Nick Eatman is the author of the recently published *If These Walls Could Talk: Dallas Cowboys, a collection of stories from the Cowboys' locker room, sideline and press box, with a foreword written by Darren Woodson.*
IRVING, Texas - The word "blueprint" has resurfaced again.
Every time a team the Cowboys are about face gets beat, we start talking about now having the blueprint to repeat the accomplishment.
With the Cowboys getting ready for another NFC East showdown against the Eagles Sunday in Philadelphia, all I heard Monday morning was how the Cowboys need to copy the same plan Seattle used to upend their division rivals.
Sorry guys, not going to happen.
Not saying the Cowboys won't beat Philly in this rematch. In fact, I will more than likely pick Dallas to win this game. Hard to say what my gut feeling will be in five days, but I do think the Cowboys can and will win the second time around.
But it won't be the same way Seattle got it done.
It's my opinion that the most underrated aspect of winning football games – on any level – is the way teams are matched up against each other.
Too often we hear people say "*well, they beat this team by 20 and we beat them by 20 so we should really blow this team out." *
Just doesn't work out that way. It's all about the matchup and how teams can play off the strengths and weaknesses of their opponent.
Seattle beat up the Eagles with a tenacious defense that looks every bit as dangerous as how they ended the season last year. Their cornerbacks were flying all over the field and the linebackers covered the Eagles sideline to sideline. And of course, that pass rush is pretty consistent.
We've seen this Cowboys team for 13 games now and we know that defense isn't the strength. We saw them play the Eagles just 10 days ago and they got exposed early.
Just doing it the way Seattle did it is absolutely too simple-minded. The Cowboys aren't built that way. Their linebackers don't cover the same ground as the Seahawks. The pass rush doesn't collapse the pocket consistently like Seattle. And let's be honest, the secondary doesn't make as many plays on the ball.
The Cowboys can win this game, but they'll have to win it their way. And their way means the offensive line has to play 20 times better than it did two Thursdays ago. They've got to be the ones pushing people around up front.

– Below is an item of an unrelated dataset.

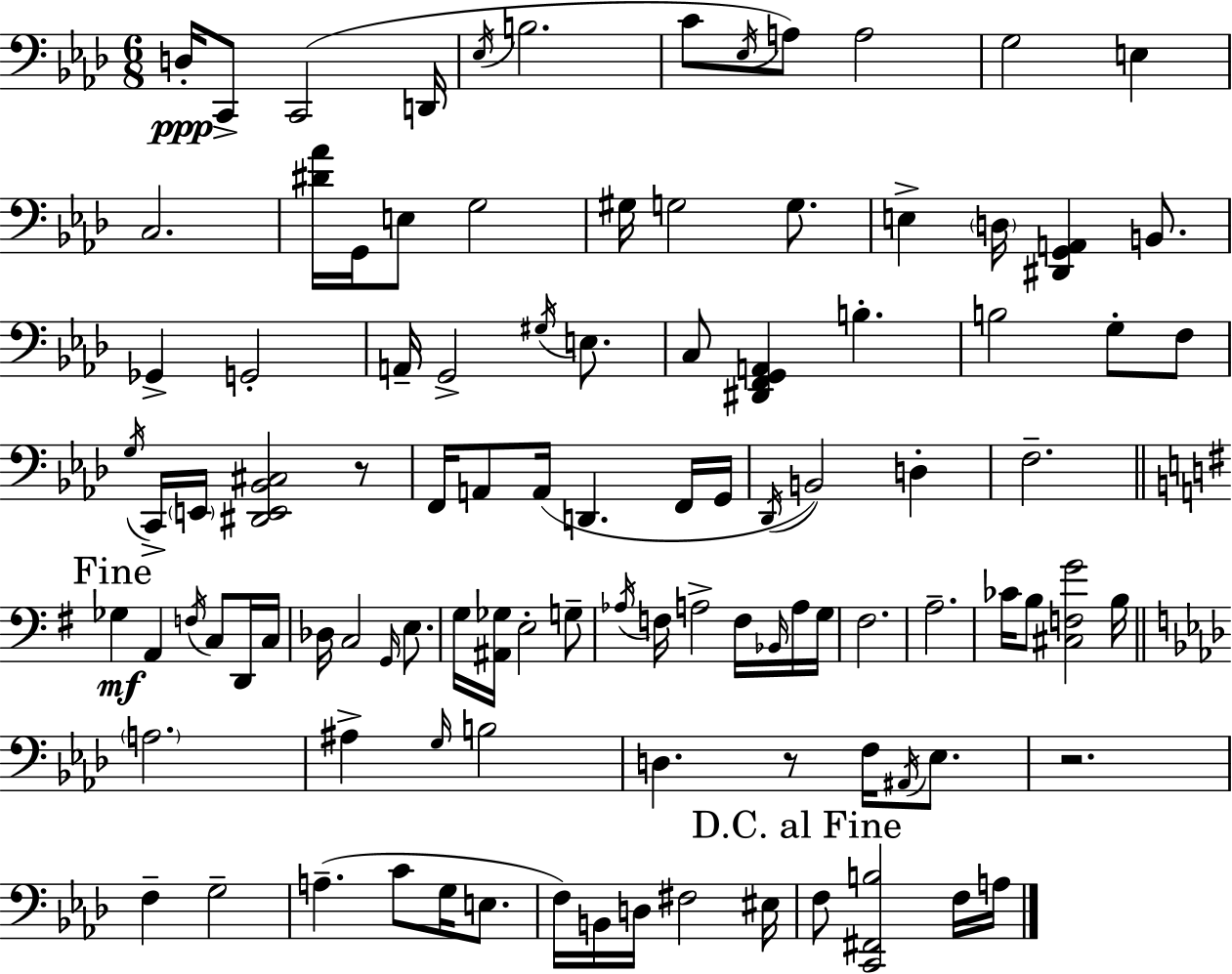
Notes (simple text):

D3/s C2/e C2/h D2/s Eb3/s B3/h. C4/e Eb3/s A3/e A3/h G3/h E3/q C3/h. [D#4,Ab4]/s G2/s E3/e G3/h G#3/s G3/h G3/e. E3/q D3/s [D#2,G2,A2]/q B2/e. Gb2/q G2/h A2/s G2/h G#3/s E3/e. C3/e [D#2,F2,G2,A2]/q B3/q. B3/h G3/e F3/e G3/s C2/s E2/s [D#2,E2,Bb2,C#3]/h R/e F2/s A2/e A2/s D2/q. F2/s G2/s Db2/s B2/h D3/q F3/h. Gb3/q A2/q F3/s C3/e D2/s C3/s Db3/s C3/h G2/s E3/e. G3/s [A#2,Gb3]/s E3/h G3/e Ab3/s F3/s A3/h F3/s Bb2/s A3/s G3/s F#3/h. A3/h. CES4/s B3/e [C#3,F3,G4]/h B3/s A3/h. A#3/q G3/s B3/h D3/q. R/e F3/s A#2/s Eb3/e. R/h. F3/q G3/h A3/q. C4/e G3/s E3/e. F3/s B2/s D3/s F#3/h EIS3/s F3/e [C2,F#2,B3]/h F3/s A3/s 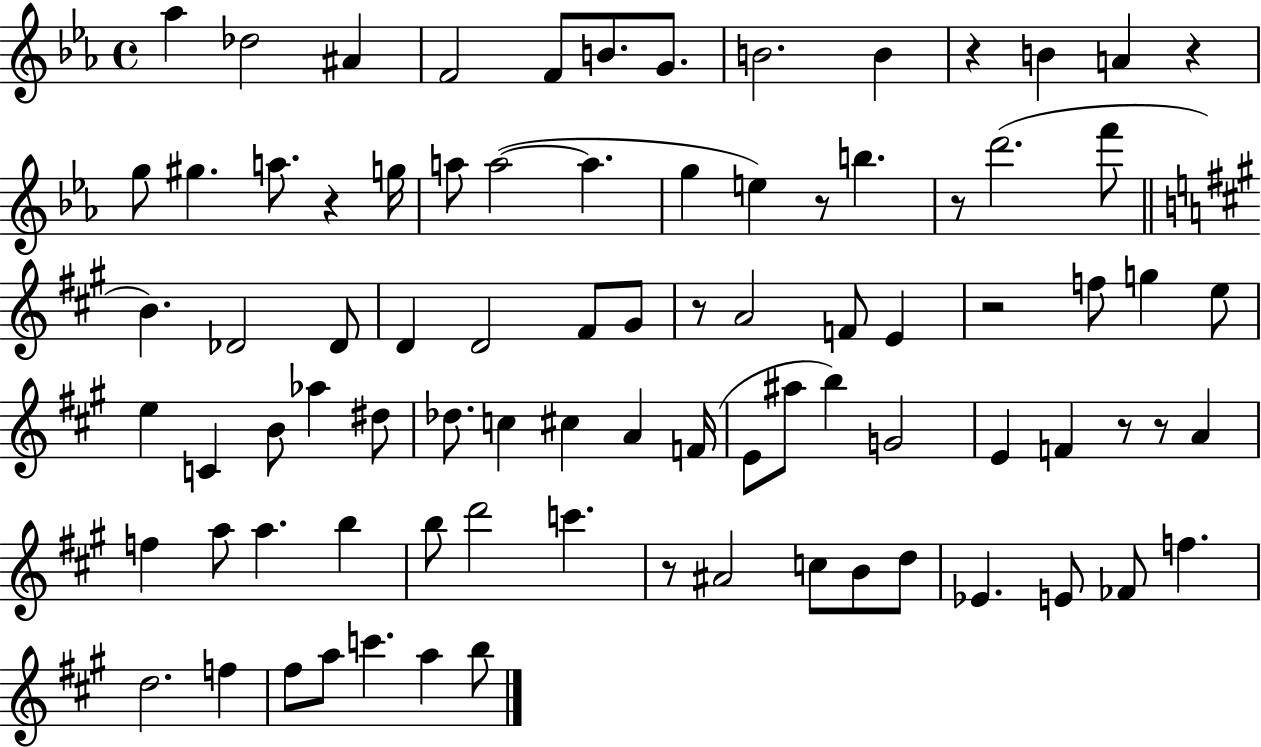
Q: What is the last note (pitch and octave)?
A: B5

They've got to get DeMarco Murray into the second level of the defense where he can get big chunks of yards. They've got to keep the pocket clean enough – and long enough – for Tony Romo to exploit that secondary. Dez has to be Dez-like and that wasn't the case on Thanksgiving.
As for Romo, I do think 10 days between games as opposed to four, will be a huge benefit this time around.
Now, if anything can come out of the Eagles' loss to Seattle, maybe it's a little bit psychological. Maybe the fact that they know they can get beat at home – something that hadn't happened all year until Sunday – will creep into their minds. I actually doubt it because they could just as easily revert back to the confidence of whipping these same Cowboys less than two weeks ago.
But that's just the point. For the Cowboys to win this game, they can't be the same team that showed up. That's probably the most obvious statement of all time, but it's true. The Cowboys have to be the team that has gotten them to 9-4, and not the Seattle team that has the exact same record.